How are numerical algorithms developed?

Until the 1990s, the main criterion for the algorithms' quality estimation was the time complexity, or to put it simply, the arithmetic operations number. Then arithmetic operations were slow, so it was natural to optimize them. Strassen's algorithm is just one example of such algorithms. But in the 1990s, processors with cache memory began to appear, and it changed the direction of algorithms development.

Example of a processor with a hierarchical cache. Source: https://www.researchgate.net/figure/Two-level-Cache-Hierarchy-in-MPSoC-Architecture_fig1_262370152

With the advent of cache memory, it was not the number of arithmetic operations that mattered, but the number of memory accesses. At the same time, families of block algorithms have become popular, which make it possible to utilize the cache memory most efficiently.

It is worth noting that when building an algorithm, it is also important to take into account other elements of hardware. For example, it is important to efficiently use processor prefetching (that is why we consider the data spatial locality), as well as vector registers. How to develop a fast matrix multiplication algorithm is described in detail in the fundamental work of Kazushige Goto.

Based on the above, the main points that I want to highlight:

1. The theoretical efficiency of algorithms is determined based on the computation time model relevant for a given computing system.

2. With the evolution of hardware, the computation model, and therefore the algorithms themselves, may become outdated.

3. Computation models, so as not to lose flexibility, are still quite simple and abstract. The resulting implementations of the algorithms are still compared and optimized on real hardware.

It is also worth noting that many numerical method packages have a Linpack package interface, which was developed by Jack Dongarra in the 1970s. Among them, such packages as PLASMA, Intel MKL, OpenBLAS, MAGMA, ScaLAPACK, etc. are popular.

Me with Jack Dongarra, founder of Linpack

What is so special about the DeepMind study?

The researchers from DeepMind have managed to develop a neural network that efficiently looks over various matrix multiplication algorithms on a specific hardware. Notably, it’s not required to have any a priori theoretical runtime models. All is needed is target hardware, on which it’s possible to do many experiments during the neural network training. According to the results given in the article, the discovered algorithm outperformed the current best human-designed algorithm. It seems to me that this is a significant event. It can impact on the development of tools for fundamental research. However, I would like to highlight a few important points.

1. Low generalizing ability.
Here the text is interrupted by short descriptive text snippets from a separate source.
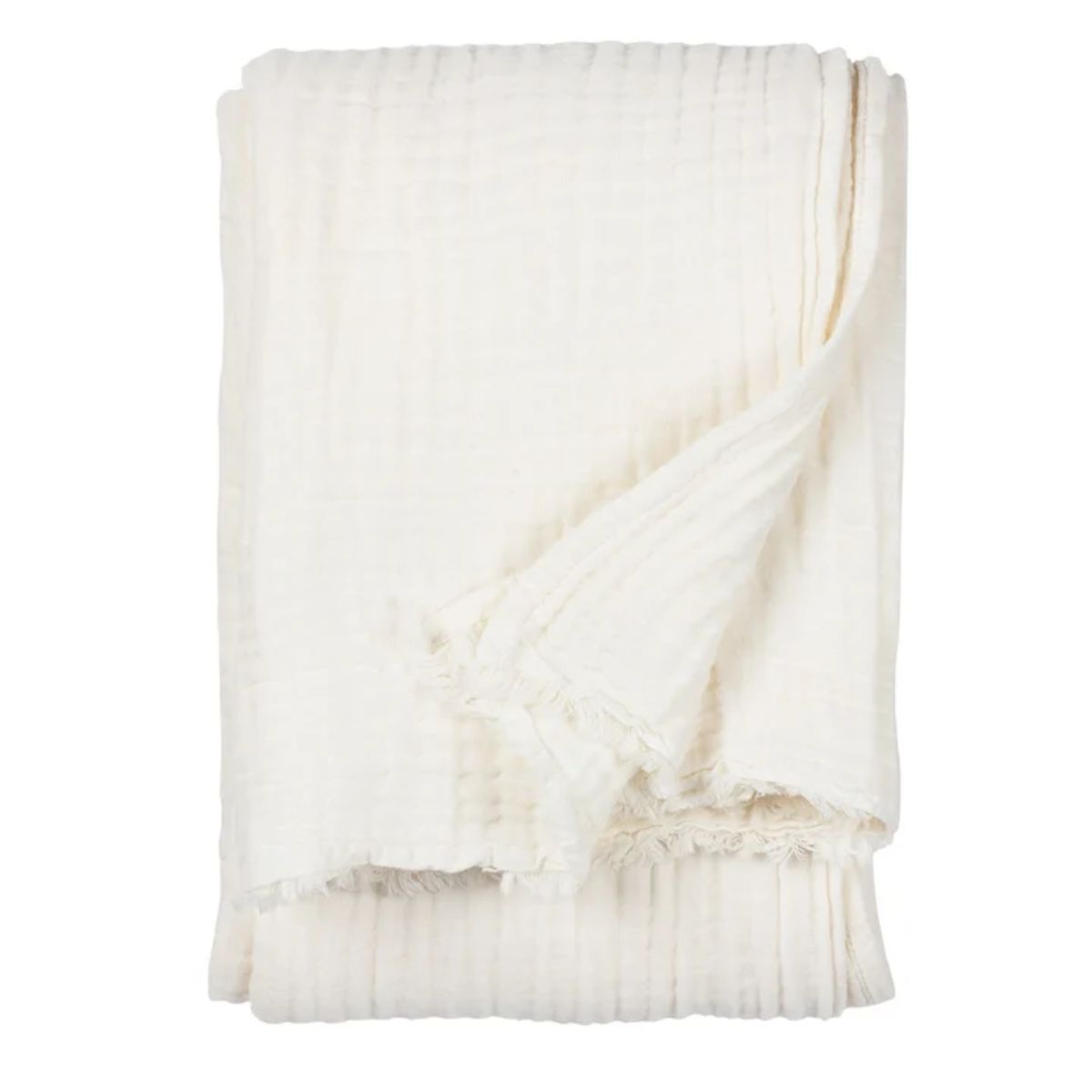 Riva Home Lark Muslin Cotton Throw White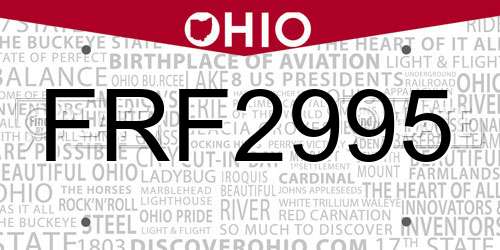 FRF2995 Ohio License Plate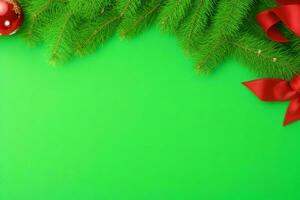 ai gerado verde fundo. alegre Natal e Novo ano bandeira com cópia de espaço. pró foto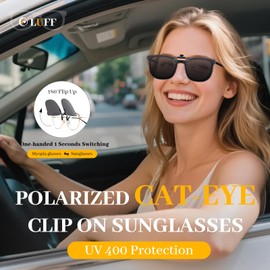 LUFF Clip-On Polarized Sunglasses Cat-Eye for Men & Women | UV400 Protection, HD Anti-Glare Lenses, Lightweight 8g Flip-Up Design | Safe Driving, Cycling & Outdoor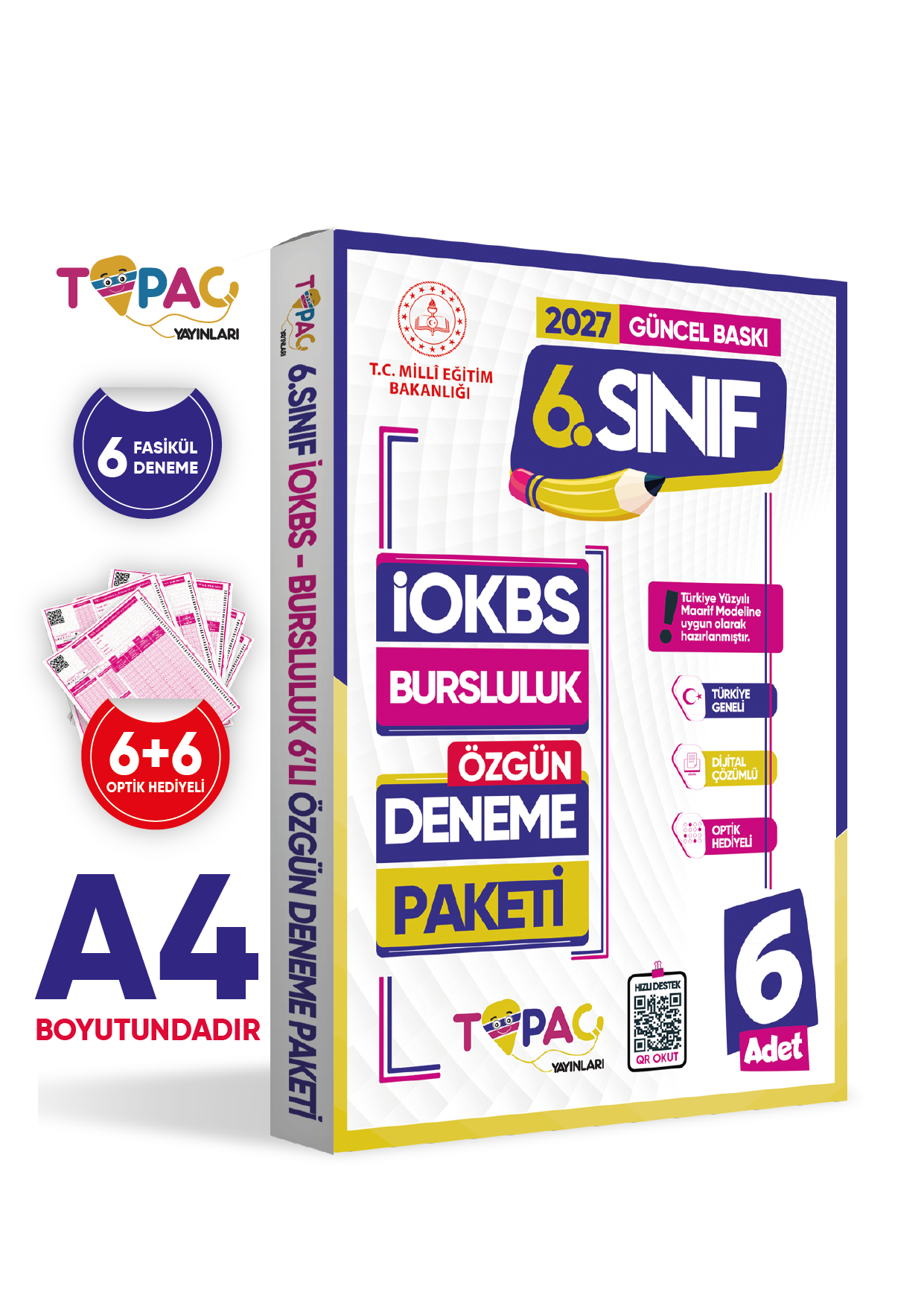 2027 6..Sınıf Topaç Yayınları İOKBS-BURSLULUK 6lı Deneme Paketi Dijital Çözümlü Türkiye Geneli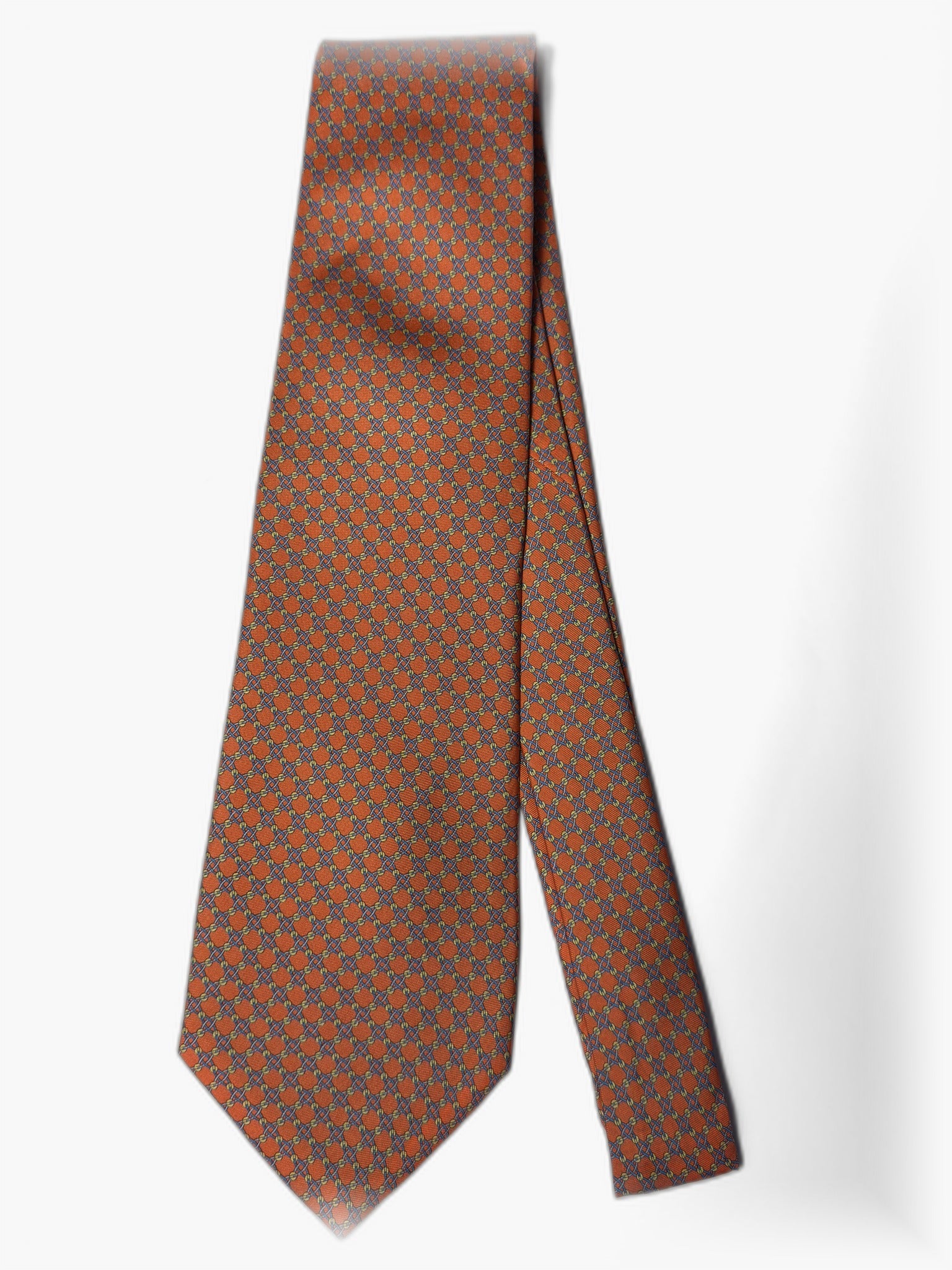 Vintage Krawatte in Orange und Kupfer mit feinem Muster, Gesamtansicht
The proposed approach can only be used to generate hypotheses that researchers can test, analyze and draw conclusions. After all, the response of a neural network does not have any generalizing ability. Indeed, a neural network will not answer the following fundamental questions:

What is the asymptotic complexity of the algorithm?
On which datasets does the algorithm work better, and on which ones worse
Why does found algorithm perform faster?

2. High cost of research. Given the fact that during its training, the neural network itself sets up many experiments and draws conclusions based on the measured running time, this requires large computing resources. Moreover, because of the reason Transformers, which are distinguished by their large size, are used at the heart of the neural network, I suspect that not all universities will be able to conduct such research.

3. Results are not generalizable for other hardware architectures. Another point that is also worth paying attention to: this approach helps to create efficient algorithms for specific hardware. Indeed, during training, the neural network conducts many experiments on a given hardware and measures the running time of the algorithm. Obviously, this approach will not be able to answer how the found algorithm will perform on other hardware.

4. And the last point: very often, hardware and algorithms are designed together, and not separately. For example, such an approach makes sense when the hardware is very expensive for mass use, you need to provide requirements for hardware manufacturers, and these requirements are driven by the target algorithm. The areas for which this problem is relevant are robotics, high-performance computing, problems of mathematical physics, etc. In these cases, it is obvious that suggested AI from DeepMind cannot be applied, since the hardware has not even been designed yet, and there is nothing to train the neural network.

However, I will repeat myself. I was very interested to hear about this work. And I am glad that these studies are being carried out.